Originally posted by: Dancingdoll

Guys,

I am reading lot of varied posts on Dutta's reaction to Naku's truth and this post is not to contest any point of view because I sincerely feel that everyone has his own taker and feeling that he takes from a scene and none of us have a right to rub the other on his taker for a simple reason that one cannot change other person's feeling and variety is always spice of life...that's what makes this forum spicy!!!
Having said that, I have a simple case study for all of you -
Imagine, you are sitting in your bedroom, day dreaming about your partner (BF/Hubby/Fiance/Potential BF/Fantasiz-able guy)....You recollect your best romantic moment with him, you recollect the sacrifices he has made for you...You recollect the best set of words he crafted only for you....You recollect that one crack in him that made you run and envelope him, make him feel that u are always there for him.....Your eyes well up! You get emotional....
and BOOM! Suddenly a figure walks from the door towards you....You wake up from your trance and look at him, shocked! You cant recognize him! You have never seen that face before...You get scared, "Who is he? What is he doing in my bedroom?"....You reach for the first thing you get your hands on!
And he comes close to you, sighs, look at you longingly, stares in your eyes, serious face and tells you, "I am the one you love"....
What would you do after your initial open mouth expression?....
(Please note that the guy is the same guy you were day dreaming about, either his color has gone through a 180 degree change or he has removed a mask that he always had ON!)
Please be sincere in your answers, put urself in the protaganist's shoes that I have just sketched above, imagine and then see your own reaction in your fantasy, and then answer me!! The reactions would be an interesting thing to analyze here!!
AND GUYS, I WILL PREPARE A COLLAGE OF OUR REACTIONS!!! So, think hard, Imagine yourself actually going through this process and complete that scene for me!

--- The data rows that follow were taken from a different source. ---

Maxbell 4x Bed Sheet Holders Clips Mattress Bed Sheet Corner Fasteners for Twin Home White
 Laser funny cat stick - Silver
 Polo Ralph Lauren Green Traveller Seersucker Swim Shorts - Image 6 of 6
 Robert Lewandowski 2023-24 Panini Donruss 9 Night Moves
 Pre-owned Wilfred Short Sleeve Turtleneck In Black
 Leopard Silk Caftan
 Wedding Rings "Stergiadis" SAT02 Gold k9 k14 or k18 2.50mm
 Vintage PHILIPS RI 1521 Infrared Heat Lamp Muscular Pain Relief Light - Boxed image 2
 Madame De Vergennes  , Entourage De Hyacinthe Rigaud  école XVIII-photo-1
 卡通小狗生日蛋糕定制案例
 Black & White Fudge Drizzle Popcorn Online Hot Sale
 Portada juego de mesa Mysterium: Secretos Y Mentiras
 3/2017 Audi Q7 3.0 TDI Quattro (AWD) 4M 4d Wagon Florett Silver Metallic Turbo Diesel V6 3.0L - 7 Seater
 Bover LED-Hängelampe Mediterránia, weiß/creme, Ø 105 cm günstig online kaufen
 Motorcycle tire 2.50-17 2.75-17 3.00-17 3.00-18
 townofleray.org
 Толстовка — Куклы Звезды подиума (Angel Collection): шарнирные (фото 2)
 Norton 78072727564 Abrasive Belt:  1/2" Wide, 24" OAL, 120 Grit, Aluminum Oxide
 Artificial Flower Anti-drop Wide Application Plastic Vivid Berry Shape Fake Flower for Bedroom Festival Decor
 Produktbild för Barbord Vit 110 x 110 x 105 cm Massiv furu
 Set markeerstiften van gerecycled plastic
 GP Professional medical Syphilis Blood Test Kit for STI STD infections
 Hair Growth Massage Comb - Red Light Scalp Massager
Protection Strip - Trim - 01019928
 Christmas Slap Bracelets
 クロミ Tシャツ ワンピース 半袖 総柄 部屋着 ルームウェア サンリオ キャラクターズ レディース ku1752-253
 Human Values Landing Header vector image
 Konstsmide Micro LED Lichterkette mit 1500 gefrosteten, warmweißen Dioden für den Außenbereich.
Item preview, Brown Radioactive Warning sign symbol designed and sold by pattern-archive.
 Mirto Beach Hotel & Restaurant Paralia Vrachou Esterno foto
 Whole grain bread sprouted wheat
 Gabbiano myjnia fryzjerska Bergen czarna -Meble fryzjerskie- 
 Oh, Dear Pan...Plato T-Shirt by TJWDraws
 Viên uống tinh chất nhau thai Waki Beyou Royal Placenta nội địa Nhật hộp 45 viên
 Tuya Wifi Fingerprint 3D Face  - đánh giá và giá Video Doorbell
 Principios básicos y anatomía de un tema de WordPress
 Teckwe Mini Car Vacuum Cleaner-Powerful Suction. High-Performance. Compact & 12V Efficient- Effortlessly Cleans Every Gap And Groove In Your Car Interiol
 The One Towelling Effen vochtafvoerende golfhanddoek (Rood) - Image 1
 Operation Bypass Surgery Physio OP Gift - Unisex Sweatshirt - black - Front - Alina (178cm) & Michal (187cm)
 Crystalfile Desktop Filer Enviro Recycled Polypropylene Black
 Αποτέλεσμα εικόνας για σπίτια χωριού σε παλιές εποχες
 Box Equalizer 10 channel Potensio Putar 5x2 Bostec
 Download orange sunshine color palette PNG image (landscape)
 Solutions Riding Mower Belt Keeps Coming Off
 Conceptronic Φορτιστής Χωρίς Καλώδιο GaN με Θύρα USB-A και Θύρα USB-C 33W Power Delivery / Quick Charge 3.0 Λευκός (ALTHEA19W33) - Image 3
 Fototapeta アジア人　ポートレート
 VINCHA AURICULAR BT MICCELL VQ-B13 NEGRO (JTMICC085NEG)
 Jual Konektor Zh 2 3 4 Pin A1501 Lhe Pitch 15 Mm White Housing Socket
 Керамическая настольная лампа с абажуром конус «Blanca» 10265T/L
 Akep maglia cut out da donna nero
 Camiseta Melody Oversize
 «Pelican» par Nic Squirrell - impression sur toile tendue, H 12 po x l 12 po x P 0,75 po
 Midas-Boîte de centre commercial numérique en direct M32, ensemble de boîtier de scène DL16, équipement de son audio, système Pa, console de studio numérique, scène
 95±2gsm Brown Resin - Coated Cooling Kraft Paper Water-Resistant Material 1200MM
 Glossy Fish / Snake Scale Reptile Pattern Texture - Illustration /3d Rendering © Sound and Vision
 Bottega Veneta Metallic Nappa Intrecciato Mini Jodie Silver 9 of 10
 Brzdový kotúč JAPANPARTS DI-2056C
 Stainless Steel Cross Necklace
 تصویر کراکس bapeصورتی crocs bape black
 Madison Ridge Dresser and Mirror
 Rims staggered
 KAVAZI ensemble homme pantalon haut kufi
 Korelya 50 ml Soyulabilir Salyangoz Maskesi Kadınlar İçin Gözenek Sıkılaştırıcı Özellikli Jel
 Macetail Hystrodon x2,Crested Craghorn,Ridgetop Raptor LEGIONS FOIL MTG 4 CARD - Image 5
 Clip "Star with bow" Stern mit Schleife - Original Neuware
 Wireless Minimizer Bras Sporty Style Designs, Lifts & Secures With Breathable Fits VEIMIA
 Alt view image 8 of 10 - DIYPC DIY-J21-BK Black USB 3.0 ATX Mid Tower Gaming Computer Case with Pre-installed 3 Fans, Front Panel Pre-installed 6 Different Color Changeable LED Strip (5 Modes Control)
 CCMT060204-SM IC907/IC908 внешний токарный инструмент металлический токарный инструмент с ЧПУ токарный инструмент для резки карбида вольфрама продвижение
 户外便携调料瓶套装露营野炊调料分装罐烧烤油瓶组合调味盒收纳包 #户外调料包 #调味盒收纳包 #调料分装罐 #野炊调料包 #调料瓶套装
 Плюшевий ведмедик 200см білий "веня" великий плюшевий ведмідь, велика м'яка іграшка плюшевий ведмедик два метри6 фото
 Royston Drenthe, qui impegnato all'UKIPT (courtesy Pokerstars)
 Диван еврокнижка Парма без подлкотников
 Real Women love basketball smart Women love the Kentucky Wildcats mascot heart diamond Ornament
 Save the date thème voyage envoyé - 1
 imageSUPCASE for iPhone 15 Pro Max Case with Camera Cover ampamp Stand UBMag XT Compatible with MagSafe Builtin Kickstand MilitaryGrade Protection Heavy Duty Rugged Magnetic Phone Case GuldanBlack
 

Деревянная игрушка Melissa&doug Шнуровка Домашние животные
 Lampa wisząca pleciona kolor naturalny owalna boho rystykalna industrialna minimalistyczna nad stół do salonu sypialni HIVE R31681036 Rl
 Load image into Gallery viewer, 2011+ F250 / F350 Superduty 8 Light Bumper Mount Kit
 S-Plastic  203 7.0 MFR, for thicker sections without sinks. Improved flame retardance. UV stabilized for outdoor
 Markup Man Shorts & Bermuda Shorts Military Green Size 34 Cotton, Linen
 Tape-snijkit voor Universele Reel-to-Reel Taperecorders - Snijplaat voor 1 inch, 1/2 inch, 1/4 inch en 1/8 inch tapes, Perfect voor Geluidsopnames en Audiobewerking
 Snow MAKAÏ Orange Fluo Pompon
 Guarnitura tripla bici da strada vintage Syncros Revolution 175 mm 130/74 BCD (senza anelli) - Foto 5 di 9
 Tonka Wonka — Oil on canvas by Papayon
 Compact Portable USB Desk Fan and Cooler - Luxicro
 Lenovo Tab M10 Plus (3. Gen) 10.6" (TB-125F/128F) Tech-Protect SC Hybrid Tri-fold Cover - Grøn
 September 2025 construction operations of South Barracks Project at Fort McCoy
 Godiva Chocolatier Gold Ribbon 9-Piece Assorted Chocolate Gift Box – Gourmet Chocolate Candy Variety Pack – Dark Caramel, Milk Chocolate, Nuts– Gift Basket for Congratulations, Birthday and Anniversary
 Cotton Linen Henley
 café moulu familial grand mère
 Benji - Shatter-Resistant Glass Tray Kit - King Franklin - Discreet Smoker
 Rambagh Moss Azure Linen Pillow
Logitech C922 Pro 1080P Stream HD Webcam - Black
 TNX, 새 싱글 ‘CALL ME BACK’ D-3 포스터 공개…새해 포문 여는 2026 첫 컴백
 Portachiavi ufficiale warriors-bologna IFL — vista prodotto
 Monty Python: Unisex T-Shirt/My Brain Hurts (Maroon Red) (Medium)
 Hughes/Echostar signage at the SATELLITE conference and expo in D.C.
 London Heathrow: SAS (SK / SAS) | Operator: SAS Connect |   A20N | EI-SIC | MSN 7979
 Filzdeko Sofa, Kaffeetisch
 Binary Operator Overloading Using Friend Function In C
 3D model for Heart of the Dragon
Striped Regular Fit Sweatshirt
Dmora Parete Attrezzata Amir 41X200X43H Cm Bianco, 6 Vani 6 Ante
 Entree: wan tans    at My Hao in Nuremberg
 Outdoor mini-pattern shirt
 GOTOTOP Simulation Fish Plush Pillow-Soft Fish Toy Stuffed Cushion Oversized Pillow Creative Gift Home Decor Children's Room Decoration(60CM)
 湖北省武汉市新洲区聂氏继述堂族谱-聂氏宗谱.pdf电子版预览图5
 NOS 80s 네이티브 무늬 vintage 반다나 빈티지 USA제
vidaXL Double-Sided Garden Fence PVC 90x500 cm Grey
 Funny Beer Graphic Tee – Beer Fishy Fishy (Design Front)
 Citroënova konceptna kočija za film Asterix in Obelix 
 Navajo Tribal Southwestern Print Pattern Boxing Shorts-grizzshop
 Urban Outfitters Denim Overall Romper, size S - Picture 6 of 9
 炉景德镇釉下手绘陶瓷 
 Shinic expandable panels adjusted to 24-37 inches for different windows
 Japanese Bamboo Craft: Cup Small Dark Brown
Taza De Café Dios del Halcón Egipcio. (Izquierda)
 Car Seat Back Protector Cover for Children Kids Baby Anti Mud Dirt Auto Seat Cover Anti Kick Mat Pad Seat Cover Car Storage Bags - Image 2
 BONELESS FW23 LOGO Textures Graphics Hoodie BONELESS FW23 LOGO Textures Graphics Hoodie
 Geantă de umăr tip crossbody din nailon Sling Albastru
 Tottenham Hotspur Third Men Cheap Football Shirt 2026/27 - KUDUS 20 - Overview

Its completely alright if your reaction is different from Dutta's or other member's! its your reaction and it defines the person you are! So, be proud of yourself! 😛
Love,
DD


very nice post DD

so horrible to think like that, it is really hard for me to digest, i would run away from the room with out saying any thing (because i sm scared of stranger) and if my family convince me to take him as ur hubby because he is the one u r in love with. i shout at top of my voice and break every thing i get until my frustration get over. i go to my room and cry untill i fall into sleep. next day i won't get angry or cry all i ask the man to leave me alone for a while. but my love for him will never change but it is hard for me to accept. he keep on coming to meet me ask for a chance all i ask is let have a cup of coffee. give a chance to try once more because i can't live without the person i love the most. my weakness is my love.

---------------
u know some thing DD why i starte watch LTL it all because of nakku- my hubby is so much like her. i get angry when he try to hide something and lie to me i get angry to the core and break every thing i get he won't get angry at me. when i stop breaking and start crying he will clean the mess i made and come nere to me and console me and ask forgiveness for his lie he also say i hide because u get hurt. if i leave my hubby he will never give up😉

.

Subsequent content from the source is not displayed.